#### [Available data]
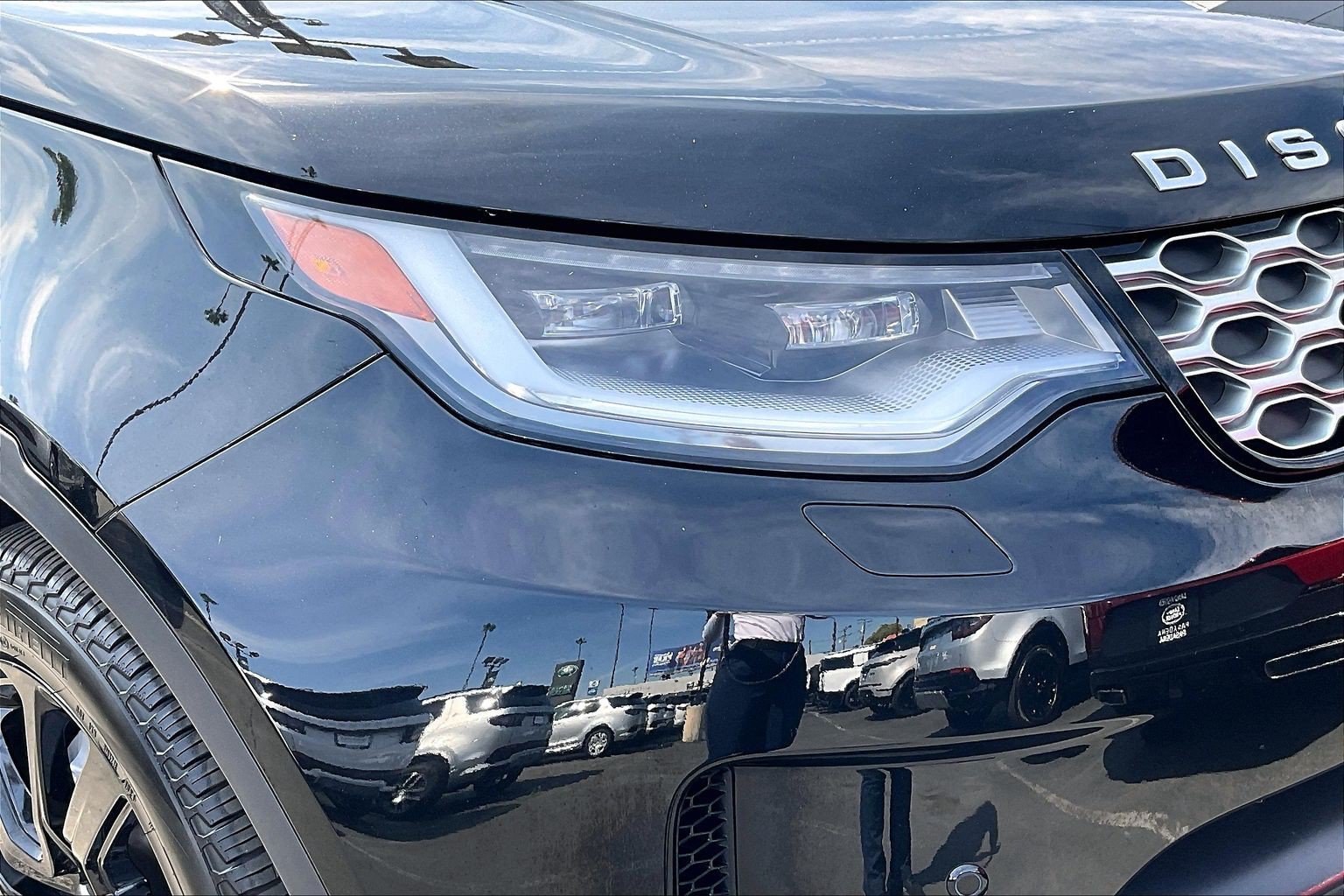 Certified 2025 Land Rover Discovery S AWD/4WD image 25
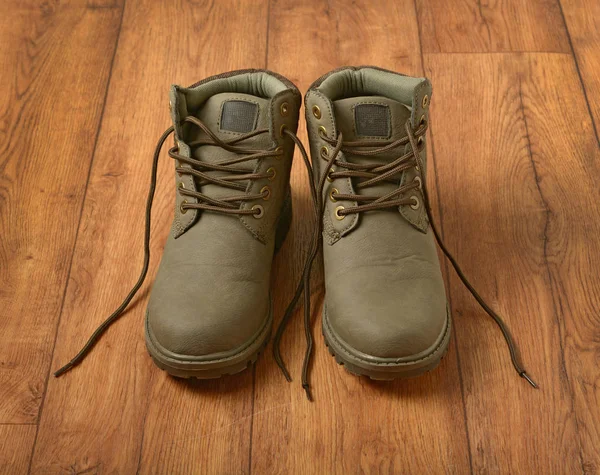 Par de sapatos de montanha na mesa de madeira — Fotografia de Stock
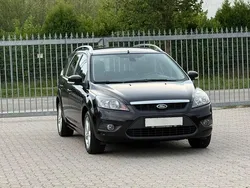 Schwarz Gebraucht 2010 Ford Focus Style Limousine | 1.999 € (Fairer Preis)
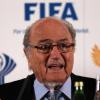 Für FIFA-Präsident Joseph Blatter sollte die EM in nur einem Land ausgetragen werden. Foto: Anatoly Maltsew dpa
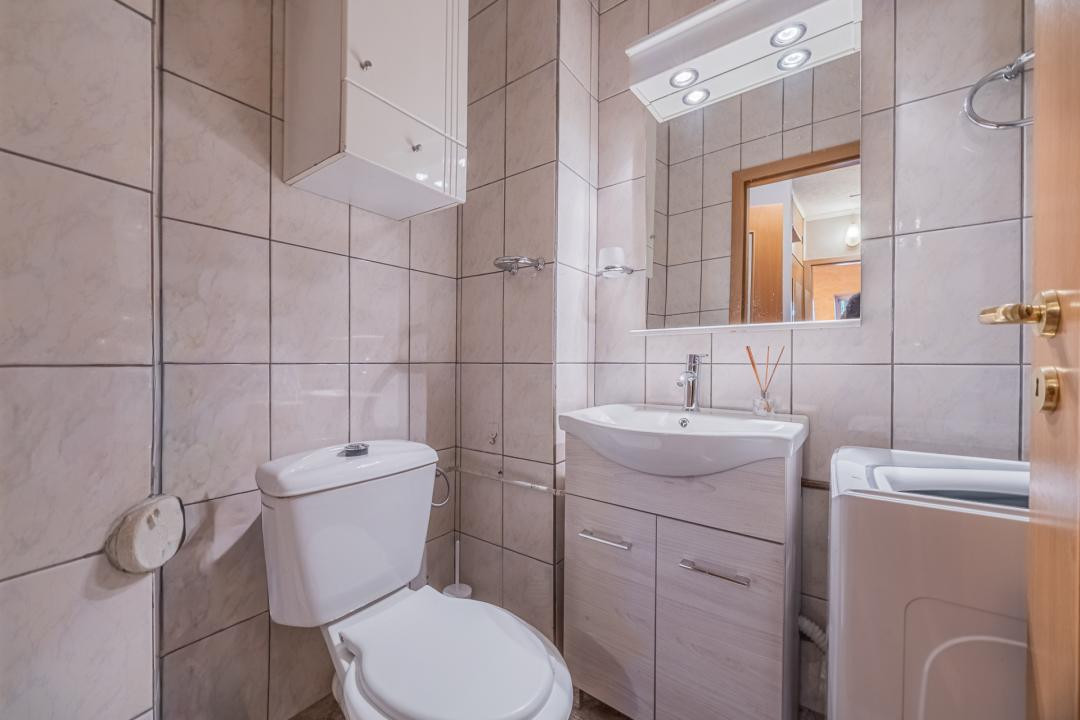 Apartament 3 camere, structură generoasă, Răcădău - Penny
...
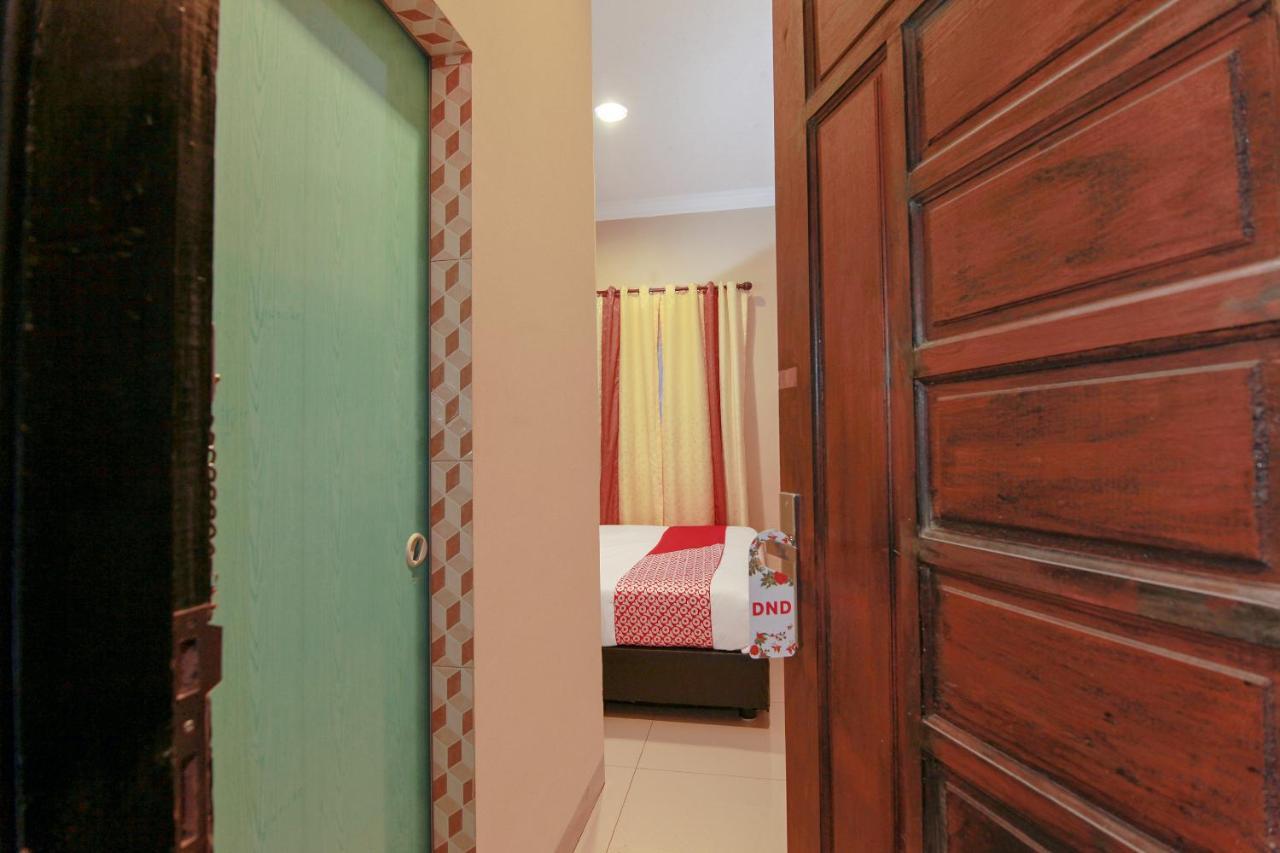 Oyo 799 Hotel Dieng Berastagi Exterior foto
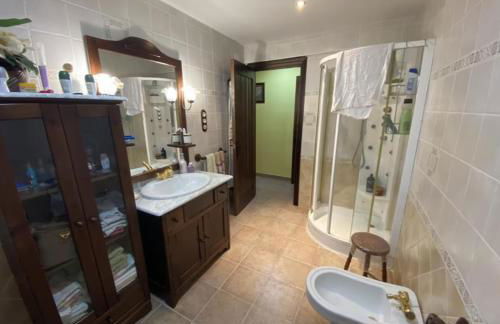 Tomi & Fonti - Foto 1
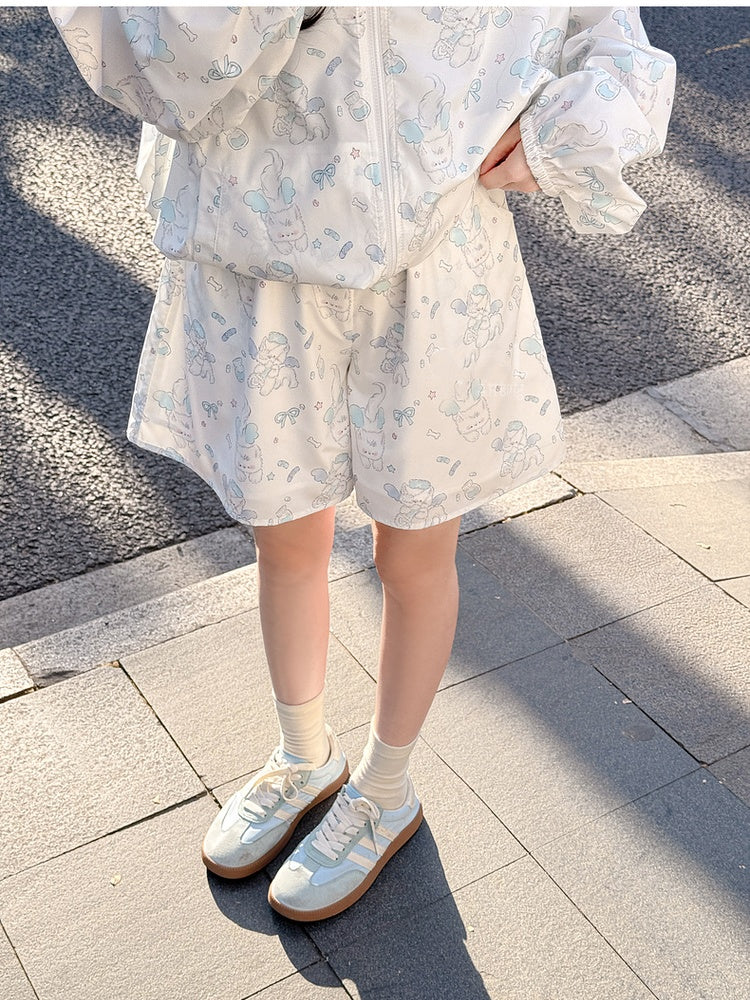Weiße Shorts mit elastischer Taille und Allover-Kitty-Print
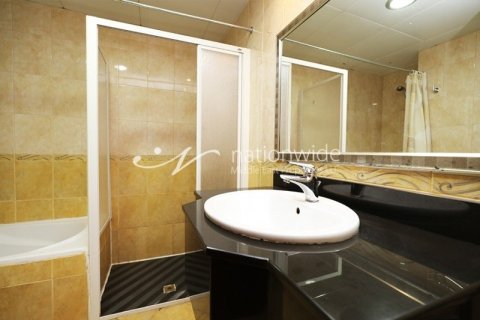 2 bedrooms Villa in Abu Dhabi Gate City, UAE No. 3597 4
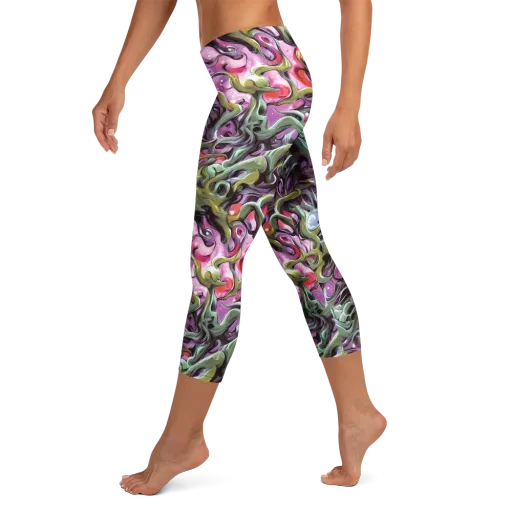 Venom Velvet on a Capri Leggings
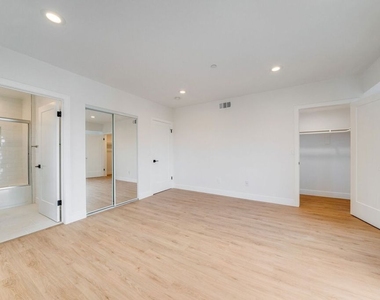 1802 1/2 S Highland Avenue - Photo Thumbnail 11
==
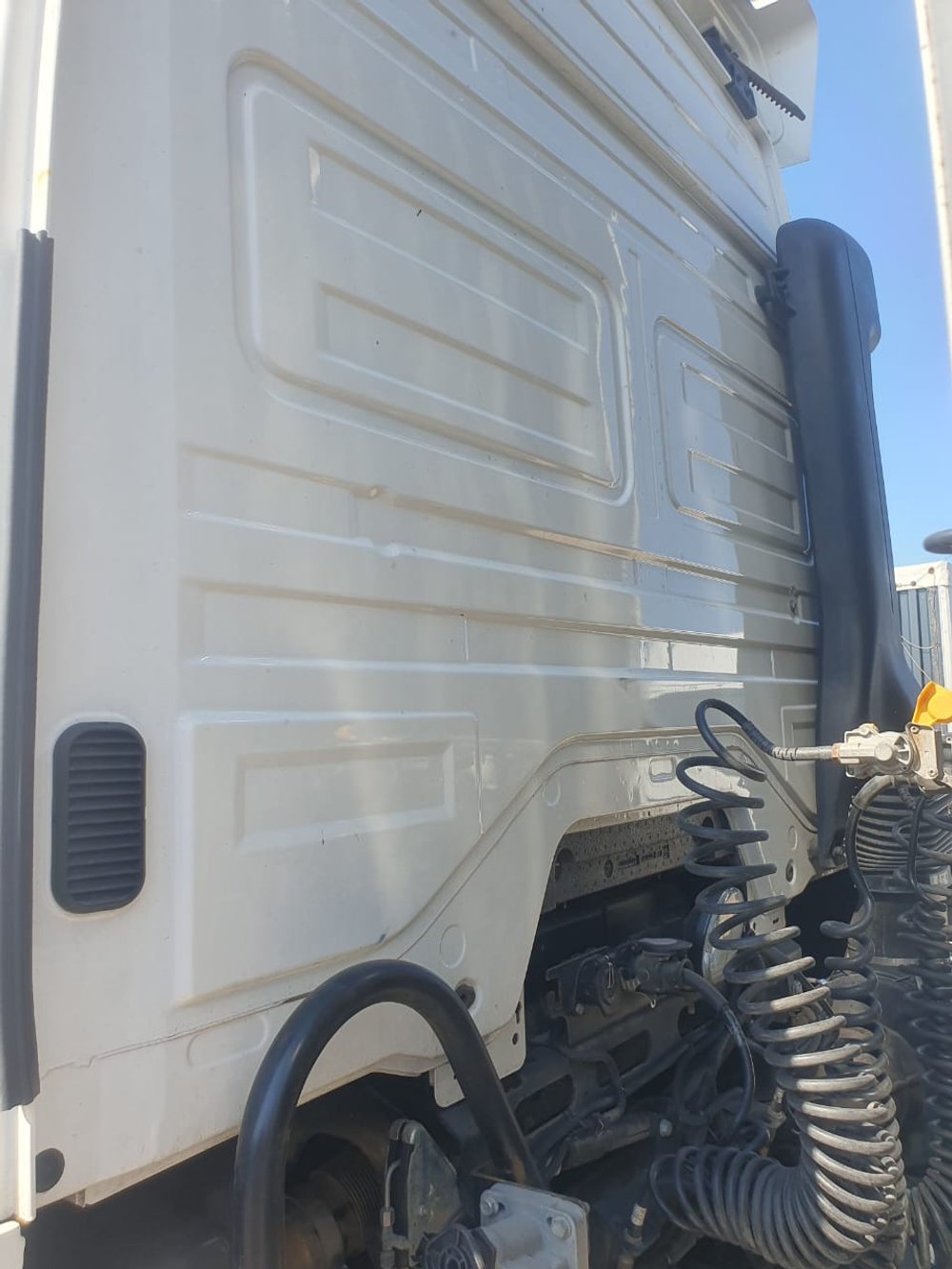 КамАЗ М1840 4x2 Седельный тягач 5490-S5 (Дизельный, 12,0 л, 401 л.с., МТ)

#### [Work request]
When copying from the data above, print only the lines from the line containing "Certified 2025 Land" to the line containing "Apartament 3 camere, structură", exactly, and leave the pictures out.

#### [Completed task]
 Certified 2025 Land Rover Discovery S AWD/4WD image 25
 Par de sapatos de montanha na mesa de madeira — Fotografia de Stock
 Schwarz Gebraucht 2010 Ford Focus Style Limousine | 1.999 € (Fairer Preis)
 Für FIFA-Präsident Joseph Blatter sollte die EM in nur einem Land ausgetragen werden. Foto: Anatoly Maltsew dpa
 Apartament 3 camere, structură generoasă, Răcădău - Penny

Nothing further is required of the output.